Mais laissons là cet égrenage fastidieux et, admettons-le, un peu aride, pour nous pencher avec gourmandise sur le fond du problème.

La première et probablement la plus importante des erreurs de nos amis roses-verts est celle qui consiste à considérer que l’impôt a pour objectif la redistribution des richesses. La gauche n’aime pas les riches, ce n’est pas un secret. Qu’ils le soient devenus par héritage, grâce à des investissements judicieux, en créant ou développant leur entreprise, les riches sont suspects aux yeux des socialistes et leurs biens doivent être confisqués autant que faire se peut, afin de financer les prestations sociales dont on arrose largement les électeurs de gauche.

Le rôle de l’Etat est, selon eux, de garantir la justice sociale et l’égalité absolue, concepts vides de sens et irréalisables. Que de frustrations en perspective... Il serait si simple de reprendre les choses en admettant que le rôle de base de l’Etat se limite à la création et à l’entretien des infrastructures, à la sécurité intérieure et extérieure et à l’aide d’urgence aux plus démunis. 

Pour accomplir ses tâches, le gouvernement doit avoir des moyens financiers, et comme il ne produit pas de richesses par lui-même, il prélève les impôts nécessaires. Jusque-là, rien à dire.

La première question qui se pose est de savoir à quel moment l’impôt doit être prélevé. Les flux d’argent forment un circuit fermé: les entreprises paient des salaires et des dividendes qui permettent d’acquérir des biens et des services qui nécessitent des forces de travail à qui on paie des salaires, etc... Le moment opportun pour effectuer le prélèvement de l’impôt est logiquement celui où l’argent change de main, lors de la distribution de revenus aux personnes physiques et lors de l’acquisition de biens et services, par le biais de la TVA. Jusque-là, de notre point de vue, le système se justifie, pour autant que les prélèvements soient raisonnables et en rapport avec la qualité des prestations offertes.
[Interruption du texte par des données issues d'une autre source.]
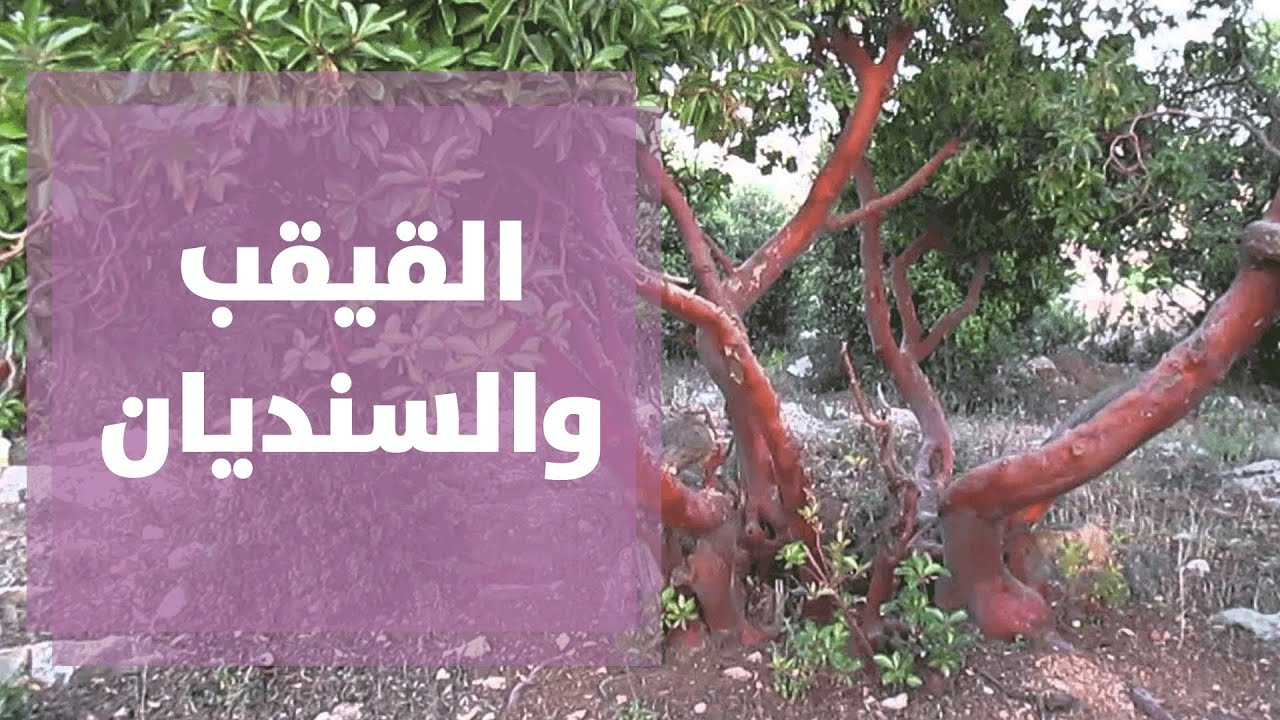 القيقب والسنديان أشجار من عجائب الطبيعة الأردنية - فيديو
Nous ne reviendrons pas sur la question de l’imposition du bénéfice des entreprises que nous avons déjà traitée dans ces pages1, mais sur deux impôts qui, s’ils se différencient de par les concepts qu’ils représentent, sont iniques pour les mêmes raisons: l’impôt sur la fortune et, celui qui nous occupe, l’impôt sur les successions.

J’entendais récemment une personne de mon entourage, qui ne peut être soupçonnée de sympathies pour les initiants, argumenter, à propos des successions, en faveur des taux différenciés et progressifs en fonction du niveau de parentèle, système généralement en vigueur actuellement, mais qui répond malgré tout à une logique confiscatoire, car il n’y a finalement aucune légitimité à grever par l’impôt un capital qui a été épargné sur le revenu et qui a donc déjà laissé son tribut dans la caisse commune. Il serait donc juste de supprimer simplement l’impôt sur la fortune et celui sur les successions comme c’est le cas dans de nombreux pays.

Sans surprise, nous voterons NON le 14 juin prochain.